“An oasis is a place where people go to be refreshed. Travellers stop in and find shade and water and often food, and we felt that this was to be a place of refreshment for the whole community,” said the man with the vision, Les Hook.
Les and his wife Georgie have shared that vision for two decades, and now, after six long years of building, the Oasis Centre at Boggabilla NSW is almost complete.
It’s going to be the building the town needs – part church, part community centre, a venue for celebrations, ceremonies, youth groups, an op shop, an after-school reading club with Indigenous Elders, and really anything the community requires.
A Town of about 750 people, Boggabilla sits on the land of the Kamilaroi people in the far north of central NSW, with a majority Aboriginal and Torres Strait Islander population. As with many smaller, rural towns, shops and basic services have dwindled over the years. Public buildings are few, and there is currently a shortage of space for community gatherings, especially large ones.

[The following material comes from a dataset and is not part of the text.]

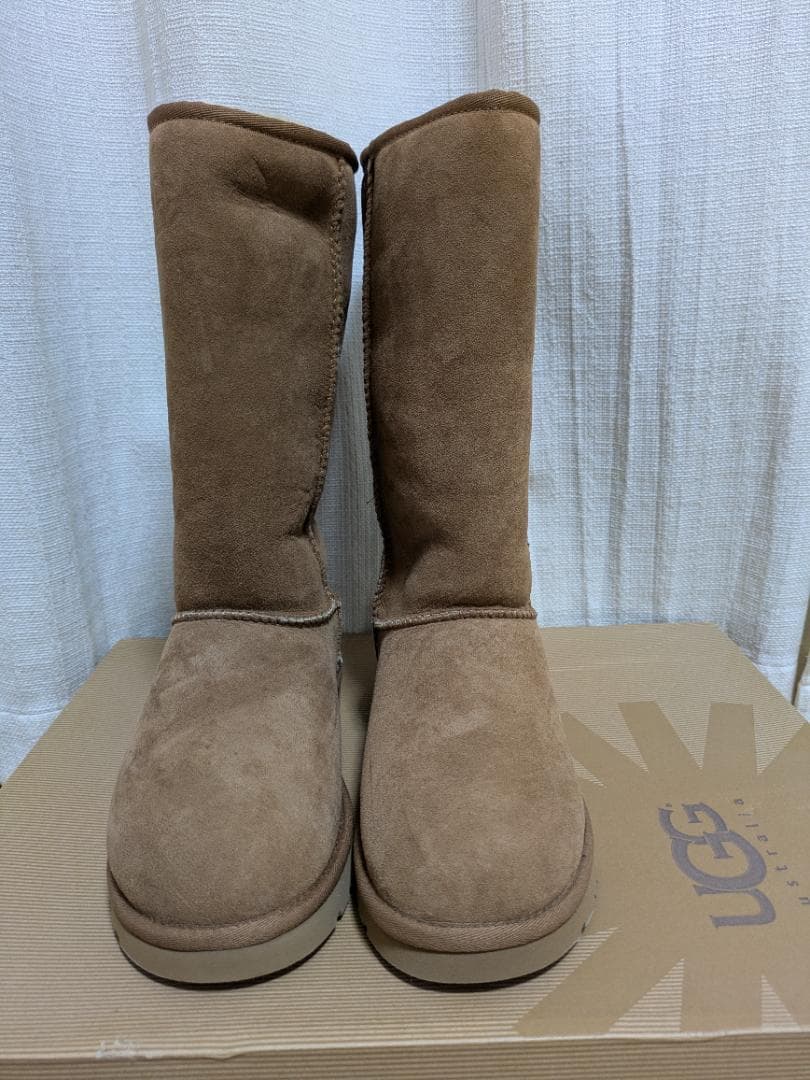 未使用新品UGG ムートンブーツ チェスナット トール　24cm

It’s been a long journey, but the Hooks have been in good company. Most of the work has been done pro-bono, or funded by cash donations from friends and others wanting to offer support. Church and school groups have travelled to the town in large working parties, the building’s four cement slabs were laid by three different volunteer groups, builders donated time erecting the frame and the roof structure, Redeemer Christian College from Sydney visited on four occasions with large teams of students and builders, contractors from many different places chipped in, and Gold Coast electrician Ian Boardman has spent “hundreds of hours” producing impeccable electrical infrastructure.
“A few years ago, we had a chance meeting with George Mann in Bourke which led to us helping him with an audio system install for his community project,” Said TAG Director Maxwell Twartz. “I dropped in on George a couple of months ago and as we parted, he said, ‘There’s a guy called Les Hook in Boggabilla who’s sharing a similar vision and if you’ve got any spare audio he would definitely appreciate it.”
With the Oasis Centre almost complete, timing was perfect for TAG Cares to contribute. The #Ampervan was pressed into service to pick up gear in Brisbane and transport it 350km due West to Boggabilla. NSW Sales Manager James McKenna was back at the wheel. “Great to be reunited with the #Ampervan.” Said James. “My last shift was Alice Springs to Darwin! This is quite different territory with even bigger kangaroos!”
Max, with TAG volunteers, Billy Armstrong, and Special Projects Engineer Michael Goodyear, drove up from Sydney, and the team installed the Allen & Heath/QSC system over the weekend.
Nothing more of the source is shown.